Meanwhile, on the other side of the world…

It is a rainy day in Wellington as the global book industry gather for the annual Frankfurt Book Fair. Although Iceland is this year’s country in the spotlight New Zealand gets handed the baton for next year at the end of this fair.
On his way to Frankfurt, Mike Shatzkin wrote this post on his blog, talking about the potential for new competitors in the ebook market.

This is an existential question for big trade publishers. They have forged partnerships with other brands, even media brands, for many years based on their unique ability to deliver printed books competently and to put them on bookstore shelves. Those are things that a magazine, a broadcast network, a movie studio, or a packaged goods company couldn’t do for themselves.

I think this is a crucial insight and its related to the Sam Harris article I posted on last week. The digital transition is a disruptive moment not just to the way the business has run itself for a decades but as the rules of game have changed so new people are fully equipped to play.There is no doubt that media organisations, magazines and newspapers in particular, have the editorial/content creation capacity to produce ebooks themselves. But they have something even more important than that. They have all developed reader-facing high traffic websites. They have an audience and thus potentially a marketplace.
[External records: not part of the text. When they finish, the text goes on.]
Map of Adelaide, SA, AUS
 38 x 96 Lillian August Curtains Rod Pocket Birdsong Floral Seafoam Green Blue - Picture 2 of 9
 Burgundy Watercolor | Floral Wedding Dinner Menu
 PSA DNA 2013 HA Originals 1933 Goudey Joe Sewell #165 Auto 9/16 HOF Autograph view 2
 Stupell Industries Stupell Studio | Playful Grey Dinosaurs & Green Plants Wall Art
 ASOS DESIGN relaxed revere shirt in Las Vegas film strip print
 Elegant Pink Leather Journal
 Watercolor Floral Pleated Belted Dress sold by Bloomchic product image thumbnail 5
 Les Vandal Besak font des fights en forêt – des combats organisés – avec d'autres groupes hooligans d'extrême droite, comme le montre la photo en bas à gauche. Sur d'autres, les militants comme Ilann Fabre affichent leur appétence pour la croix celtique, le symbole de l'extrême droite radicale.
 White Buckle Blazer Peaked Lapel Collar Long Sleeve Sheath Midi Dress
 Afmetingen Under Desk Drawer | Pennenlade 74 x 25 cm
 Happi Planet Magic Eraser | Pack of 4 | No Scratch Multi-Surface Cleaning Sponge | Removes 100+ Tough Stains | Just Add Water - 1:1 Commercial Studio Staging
The principle advantage of say, newspapers and magazines, is having staff writers, respected columnists and the ability, indeed the instinctive understanding of the need to publish quickly. If you combine those elements with an ebook you can create rapid fire publications covering up to the minute stories. And you can do so with a depth and quality beyond that of a newspaper but without the time lag and ‘padding’ of a print book.

You can see how this might work. All those non-fiction proposals that ‘had something’ but didn’t feel  quite substantial enough for a book? Ebook shorts. Want to know more on the Arab Spring? Buy our in depth analysis right here. Like our literary reviewers? Try some of our specially commissioned short stories.

For all the difficulties the newspaper/magazine industries have faced over the past decade, it is possible at least that they have built themselves a lifeboat. Their websites, while detracting from print sales may just have built them an audience that is just waiting for a wider range of products sold in more unusual, more flexible methods than ever before. I’m sure that this range of products does not include anything resembling the New York Times model. However, I can certainly see how expanded content, depth of analysis and speed of delivery could become so and how I’d be willing to pay for it.

This is a real threat to the current trade publishing model. We’ll first have to see if it happens but it seems increasingly clear to me that, as Sam Harris describes, the distance between writer and reader is closing and the nature of its mediators rapidly evolving. In short I can’t see why someone wouldn’t have a go. The future shape of writing is going to be determined by those who can master the digital connection of writers and readers and make it pay. I’m certain that someone will do this but we may well be in for some even more disruptive times. As Sam states:

Where publishing is concerned the internet is both midwife and executioner.